In particular, there are no
reputational issues at stake and the prospect of the estate achieving anything
in the appellate process
appears to be remote.
- [23] For these
reasons, we have reached the clear view that it would not be in the interests of
justice to grant the application.
Result
- [24] The
application for continuance is declined.
Solicitors:
Crown Law Office | Te Tari Ture o te Karauna, Wellington for Respondent
[1] R v Henriksen DC
Hamilton CRI-2009-075-1023, 13 July 2012.
[2] At [5]–[7].
[3] At [7] and [9] applying R v
Fatu [2005] NZCA 278; [2006] 2 NZLR 72 (CA).
[4] At [12].
[5] At [9].
[6] At [12].
[7] Ellis v R (Continuance)
[2022] NZSC 114, [2022] 1 NZLR 239.
[8] At [52] per Glazebrook J,
[214]–[215] per Winkelmann CJ, [236] per Williams J and [294]
per O’Regan and Arnold JJ.
[9] At [48] and [57] per
Glazebrook J, [152] per Winkelmann CJ, [233] per Williams J and [294]
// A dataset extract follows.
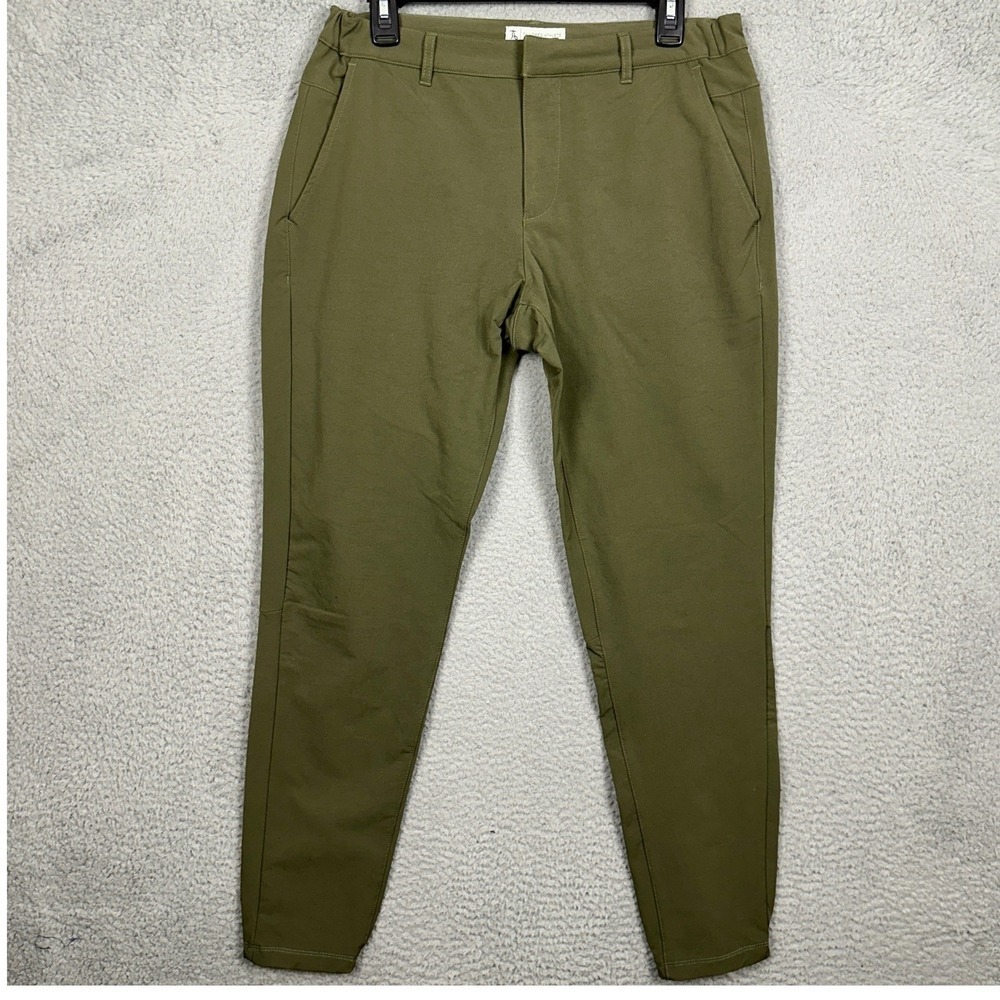 Tailored Athlete Pants Mens Medium Green Everyday Tech Trouser Chino Stretch EUC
per O’Regan and Arnold JJ.
[10] At [57] per Glazebrook J
and [278] and [292]–[293] per O’Regan and Arnold JJ.
[11] At [58] per Glazebrook J
and [278] per O’Regan and Arnold JJ.
[12] At [144] per Glazebrook J,
[210] per Winkelmann CJ, [256] per Williams J and [315] per O’Regan and
Arnold JJ.
[13] At [210] per Winkelmann CJ
and [236] per Williams J. But see [311] for O’Regan and
Arnold JJ’s view.
[14] Citing R v Qiu
[2007] NZSC 51, [2008] 1 NZLR 1.
[15] R v Connelly [2008]
NZCA 550.
[16] At [14].
[17] See for example Ellis v
R (Continuance), above n 7, at [187] and [201] per Winkelmann CJ.